Canstar Blue research finalised in February 2017, published in March 2017.
T2 takes the crown as king of the tea bags
There are few more satisfying feelings than putting your feet up with a good magazine and a good cup of tea right beside you on a late Sunday morning. There are no kids to drop off anywhere, no mowing to be done, and probably not any in-law family requirements ‘til later in the day. From classics like English Breakfast and Earl Grey to your more fruity varieties like lemon-infused herbals with a hint of raspberry, tea can be as unique as you are, and not all are made equal. So which brands of tea produce the most satisfied customers, and a good way to spend a lazy Sunday?
As part of our annual review of various food and drink items, we surveyed tea enthusiasts around Australia and sought their opinions on what brands of tea they have bought and enjoyed (or not enjoyed) over the last three months. You may also like to see our ratings for:
When it comes to tea bags, 11 different brands received the minimum sample size required to be included in the final results, including big names like Dilmah, Twinings, Tetley, Lipton and T2, alongside the big supermarkets – ALDI, Coles and Woolworths. It seems Aussie tea enthusiasts strive for the perfect cuppa at every opportunity, and many had a lot to say about which brand is best. Tea is nearly a religion!
Five-star ratings were few and far between, with many a discerning customer tough to please. T2, however, was rated five stars for overall customer satisfaction, as well as for range, taste and packaging appeal. Where it lost out was for value for money, but only one brand achieved five stars for that.
Other notable results included:
- Five stars for ALDI Diplomat on value for money
- Top marks for Twinings for taste
These ratings include all products that broadly fall under the banner of ‘tea’, from your herbal teas, to the more traditional English Breakfasts and Earl/Lady Greys. Tea is a broad spectrum. And those surveyed tea enthusiasts were pretty hard to please – only six top ratings were given out across the board, from a possible 55. T2 was the recipient of four of these five-star ratings, so it dominated the competition.
As stated earlier, tea is a pretty broad term and there are many different types of tea out there. Either way, they all mostly end up in a cup for our drinking pleasure, so what’s the difference?

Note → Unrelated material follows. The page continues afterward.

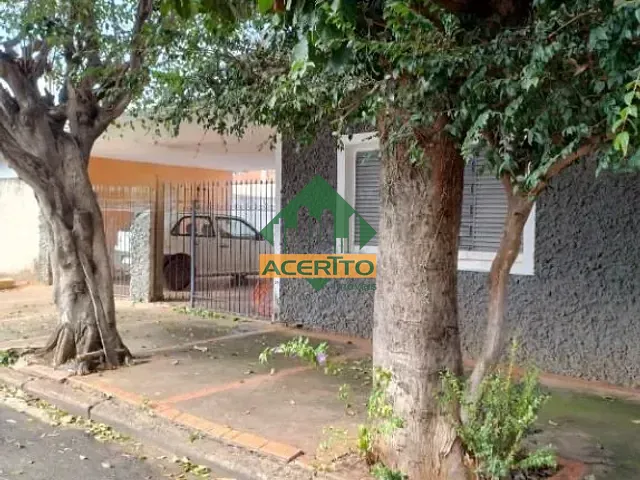 Casa com 154m² 3 quartos e 1 banheiro, à venda, no bairro Vila Bandeirantes em Araçatuba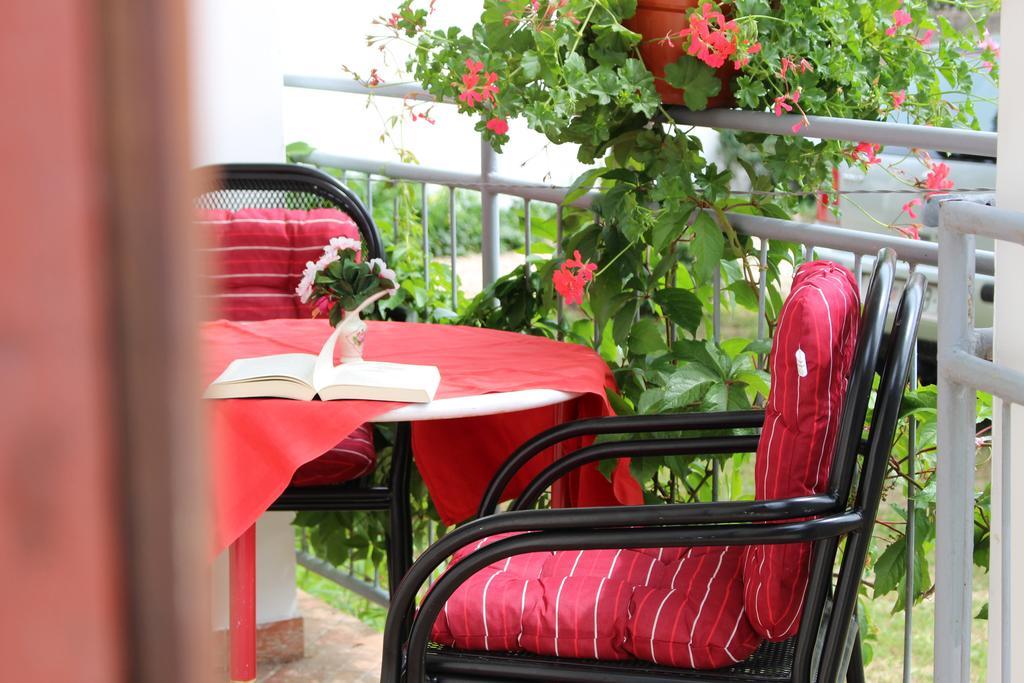 Apartment Špadina Vodice Bagian luar foto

Different types of tea explained
There are many different types of tea out there, with many brands getting ever more experimental by adding in different flavours, fruits and spices to jazz things up a bit. T2 is known for having stores with hundreds of different concoctions. Here are the most common types of tea explained.
Black tea is perhaps the most popular of all varieties and is where classic favourites such as English Breakfast and Earl Grey fall under. Black tea is fully oxidised, and is most commonly produced in India. There are three types of black tea produced in India – Darjeeling, Assam and Nilgiri. Ceylon is another popular variety and comes from Sri Lanka. Even within this category there are many subcategories – ones even the biggest tea buff would have trouble being an expert in. For a classic cuppa out on the deck you can’t go wrong with black tea.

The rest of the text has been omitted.